Phoebe (Aisha Dee) works with the shelter CEO, Eve (Virginia Gay), and one of the lawyers who help people get protection orders, Jenny (Mabel Li).

While Phoebe was still working in the law office, she had a romance with Julian (Thomas Cocquerel). He was married to Grace (Antonia Prebble). In the first couple of episodes Antonia Prebble was hardly on the screen. I began to wonder why an actress of her caliber was even in this mini-series. We find out before the end in a dramatic way.

Katlyn Wong in Safe Home
Tegan Stimson in Safe Home
Janet Andrewartha in Safe Home

Here’s a sample of the women they helped at the center. Cherry (Katlyn Wong) spoke only Mandarin. She had two children. Her husband Kelvin (Yuchen Wang) was her abuser. Ry (Tegan Stimson) was very young. She was physically abused by her mother and emotionally abused by her boss (Nicholas Burton). Diana (Janet Andrewartha) was a grandmother. Her husband Jon (Mark Mitchinson) was her abuser.

The women were hampered by lack of English, lack of money, lack of transportation, lack of a place to stay. The system was designed to protect and believe the men involved over the women. When Phoebe commented to Jenny that the system was broken, her answer was, “The system works as it was designed.”
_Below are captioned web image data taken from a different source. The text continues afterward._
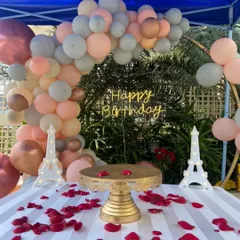 We create intimate and romantic settings for your most personal celebrations. This beautiful outdoor birthday surprise features a custom balloon garland, elegant Eiffel Tower props, and a perfectly set cake table with scattered rose petals.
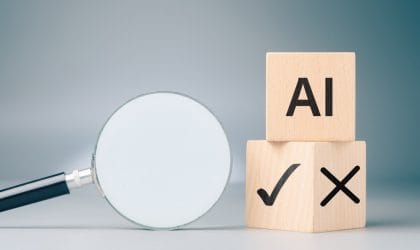 Dva kocke, na jednoj piše AI, a na donjoj kocki, na jednoj strani štrikla, a na drugoj znak za netačno. Pored je lupa.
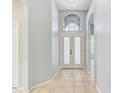 Light and bright foyer with a tiled floor, white walls, and a beautiful glass front door at 10810 Moss Island Dr, Riverview, FL 33569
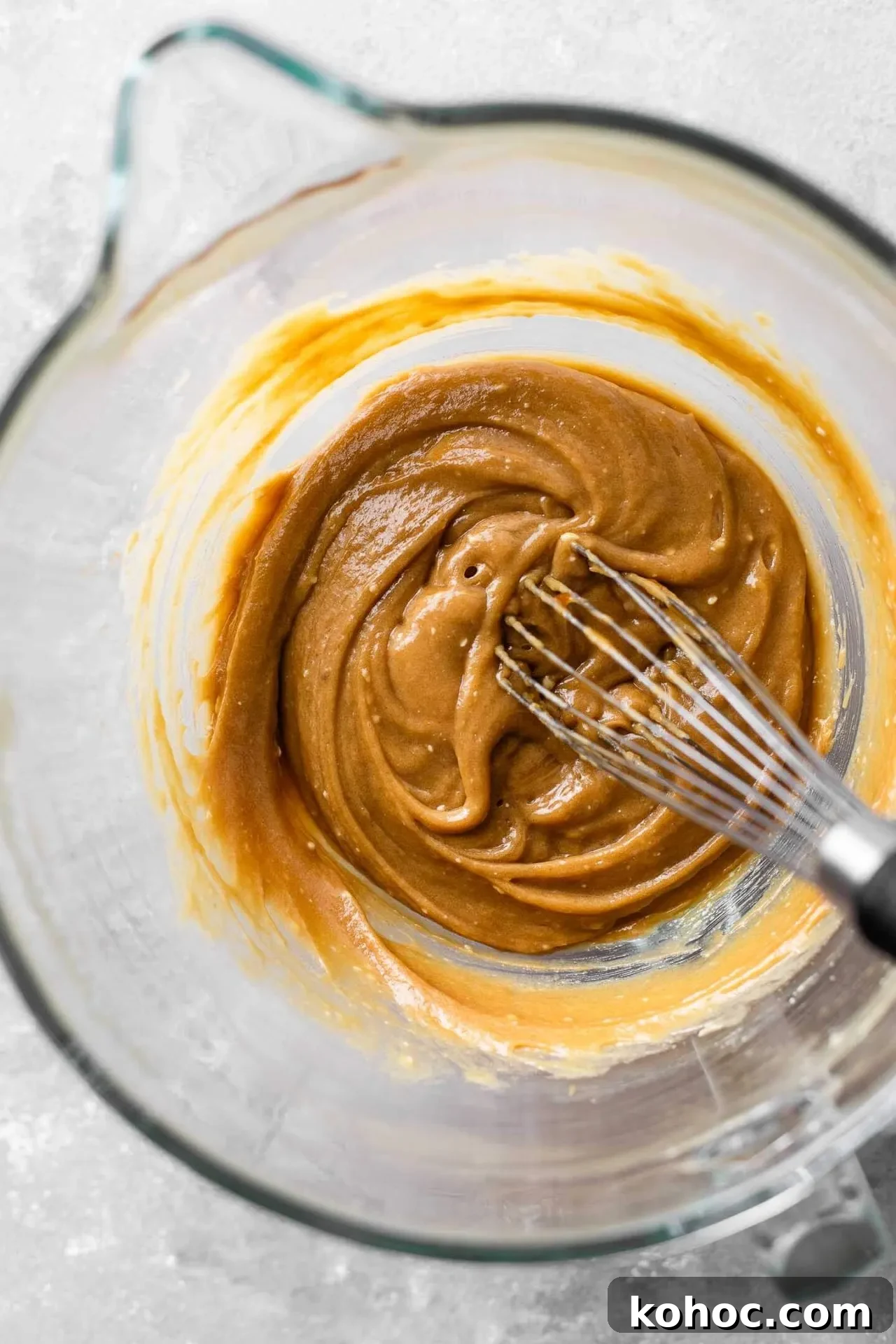 Caramel Gingerbread Cake with Silky Whipped Caramel Icing 8 caramel gingerbread cake wet ingredients whisked together in bowl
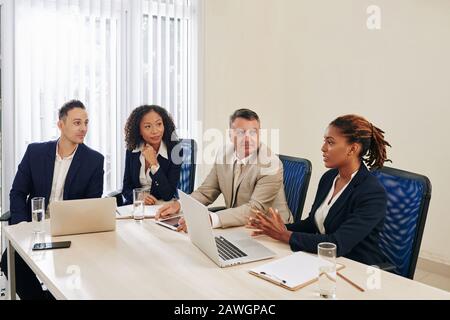 Team multietnico che si occupa di brainstorming al tavolo dei grandi uffici Foto Stock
Phoebe and the others at the center got very emotionally involved in their cases. Phoebe was dealing with her problematic romance with Julian, too. I found the emotional reactions of the various women working on the cases to be a bit much. You’d think they’d develop a thick skin but they burned out fast and there were as many tears among the women at the center as there were among the women they were striving to serve.

The story was told in nonlinear ways, with flashes of past violence and glimpses of future situations. It was a kind of shorthand way to share the types of problems facing the women and tempt you to continue with suggestive hints of something bad coming to Phoebe.

The messages were simple. It’s hard to spot an abuser at first. It’s not easy to leave an abuser. Anyone can be caught in an abusive situation no matter their station in life.

The series, now on Hulu, is all women behind the scenes. It was directed by Stevie Cruz-Martin and created by Anna Barnes with an all-women writers room.